I encourage all bloggers to consider and pursue Levant's idea.

4 comments:

Dag said...

Something possessed me to post about the Gideon Bible Society a few months back. I don't know why it would have appealed to me, but there it is. I wrote about a buddy and me struggling to get by one evening and finally making some money to buy food, at which point we saw a man kill himself in front of us as we ate. The point of my reminiscence was that those who are alone need others anyway, especially if they're alone, and that a Gideons Bible is perhaps one thing that will connect a lost man to the rest of us in a dire time. Someone is determined to rid hotel rooms of such Bibles. But it's more than that: Gideon Societies are whole identities, legal things with people at the heart of them, masses of like-minded individuals working for a common good. Gideon bible Societies are also, perhaps essentially, insurance groups. It's not a simple thing. It's not a Richard Dawkins reduction to absurdity that many simple-minded hippies would have us believe is "all religion."

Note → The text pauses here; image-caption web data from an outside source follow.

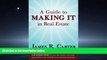 READ book A Guide to  MAKING IT in Real Estate: A SUCCESS GUIDE for real estate lenders, real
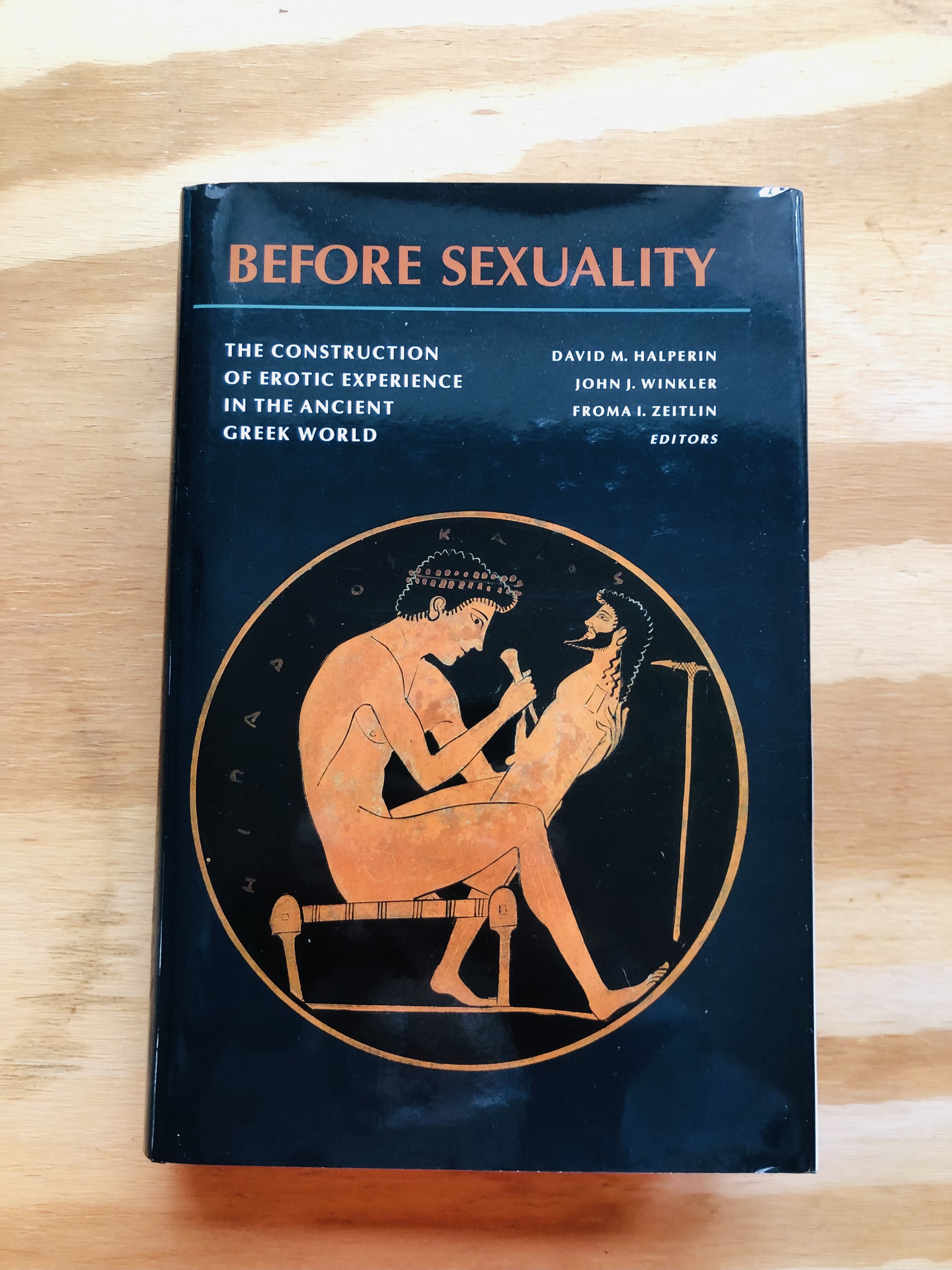 BEFORE SEXUALITY: The Construction of Erotic Experience in the Ancient Greek World - Halperin, Winkler, Zeitlin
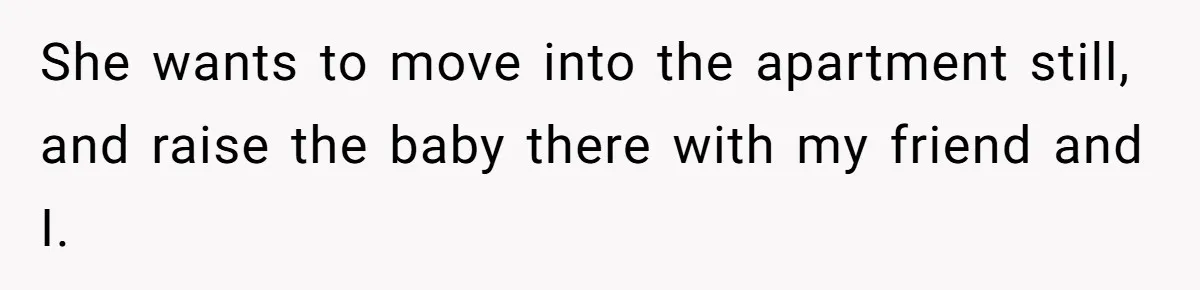 She wants to move into the apartment still, and raise the baby there with my friend and I.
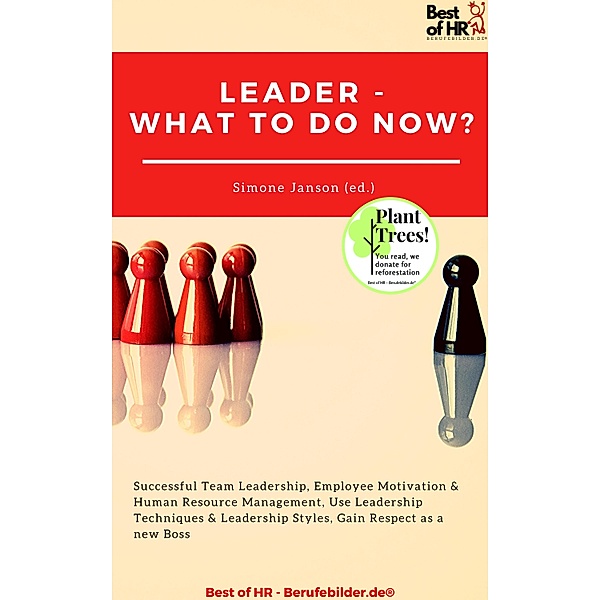 Leader - What To Do Now?, Simone Janson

Mithraism was a burial society for Roman soldiers. If one can trust ones comrade even after death one is in good hands in life. Romans were better organized that we today. They had a fine grasp of reality and the idea that life is something that one lives till it's over, lived with others in a state of co-operation and competition.

We have iPods. I like the whole idea of "mutual insurance." The sense of it is likely lost on a flat screen tv world. One sees the result of that kind of solitariness: flat people, as it were.

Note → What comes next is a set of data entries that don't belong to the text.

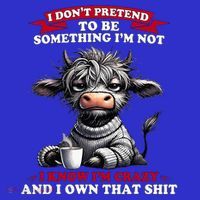 Cow I Don't Pretend To Be Something I'm Not I Know I'm Crazy  T-Shirt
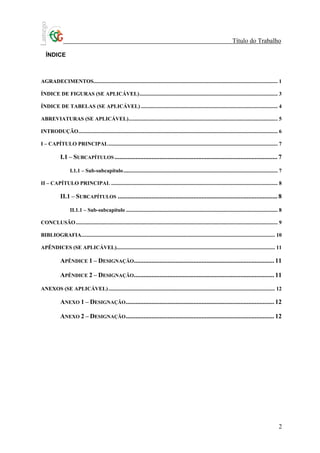 Título do Trabalho

   ÍNDICE



AGRADECIMENTOS........................................................................................................................................ 1

ÍNDICE DE FIGURAS (SE APLICÁVEL)...................................................................................................... 3

ÍNDICE DE TABELAS (SE APLICÁVEL) ..................................................................................................... 4

ABREVIATURAS (SE APLICÁVEL).............................................................................................................. 5

INTRODUÇÃO................................................................................................................................................... 6

I – CAPÍTULO PRINCIPAL............................................................................................................................. 7

            I.1 – SUBCAPÍTULOS ..................................................................................................... 7

                   I.1.1 – Sub-subcapítulo.................................................................................................................. 7

II – CAPÍTULO PRINCIPAL ........................................................................................................................... 8

            II.1 – SUBCAPÍTULOS ................................................................................................... 8

                   II.1.1 – Sub-subcapítulo ................................................................................................................ 8

CONCLUSÃO ..................................................................................................................................................... 9

BIBLIOGRAFIA............................................................................................................................................... 10

APÊNDICES (SE APLICÁVEL)..................................................................................................................... 11

            APÊNDICE 1 – DESIGNAÇÃO....................................................................................... 11

            APÊNDICE 2 – DESIGNAÇÃO....................................................................................... 11

ANEXOS (SE APLICÁVEL) ........................................................................................................................... 12

            ANEXO 1 – DESIGNAÇÃO ............................................................................................ 12

            ANEXO 2 – DESIGNAÇÃO ............................................................................................ 12




                                                                                                                                                               2
 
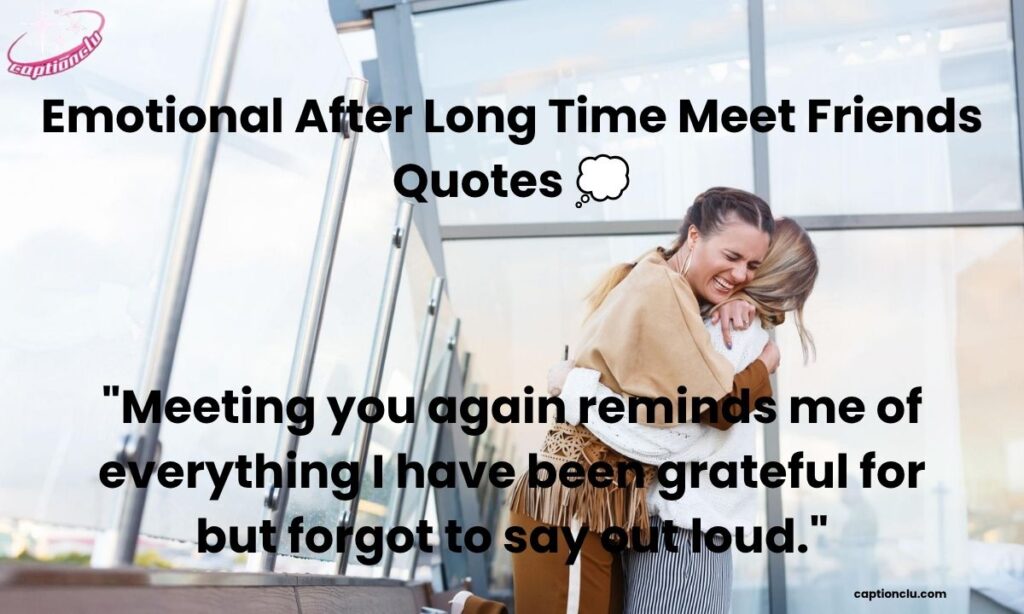 Emotional After Long Time Meet Friends Quotes 💭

By chance, I was walking down the street recently and found a Gideon Bible on the sidewalk. I kept it. I might be one of the last to have one:
http://nodhimmitude.blogspot.com/search?q=gideons+bible

Rob Misek said...

Supporting the freedom of speech in the blogger community is essential to the future of democracy.

I have personal experience with the bias and corruption in the liberal controlled media.

Ezra should convince the National Post to modernize it's online section, focussing on bloggers to compete with the liberal biased Globe and Mail that touts itself as the "national" newspaper.

With an efficient design and enough moderating resources to be legal, the Post could refresh itself as the first newspaper of Technological Democracy.

Then after a fresh blogger oriented marketing campaign, Ezra would be in a position to take some of the proceeds from online subscription sales to create a defense fund.

Many people would pay $20.00 month to participate in a popular, public, unbiased international blog.

truepeers said...

Rob,

I think you're right and interactivity is the wave of the future.

If we put up some advertising on this blog and started selling shares in this blog - at first for mere pennies - so that you could make a cheap investment in the future of this blog and thus have an interest in bringing more readers here and building up the comments section with healthy debate - would that be of interest to you? I'm trying to imagine a future where thousands of blogs can be capitalized as part of the high tech democracy you speak of. Or, when you speak of the National Post, is it that you still want much more of a shared national centre of attention, a single place attracting many thousands of readers, as a central clearing house?

Rob Misek said...

Blog sites like Covenant Zone are the trail blazers for Technological Democracy.

They will also always be required watchdogs for corruption in centralized interactive sources.

A few reasons to centralize:

Centralized, our voices and rights would be as one, stronger and more difficult to silence.

It would be easier to gather democratic and demographic data and share it even with our municiple politicians.

It would act like a co-op, with our money utilizing the legal resources of the news media to establish the defense of speech fund.

Centralizing would directly challenge the established liberal controlled media with immediate credibility.

The Post could advertise and stick to the principle of truth in journalism and let the people comment, as it should be.

Centralized, people would know that all opinions are needed. Without ties to political partisanship they could capture the imagination with marketing slogans like "Justice is blind".

The centralized co-op would rightfully claim the title as the "nations news media".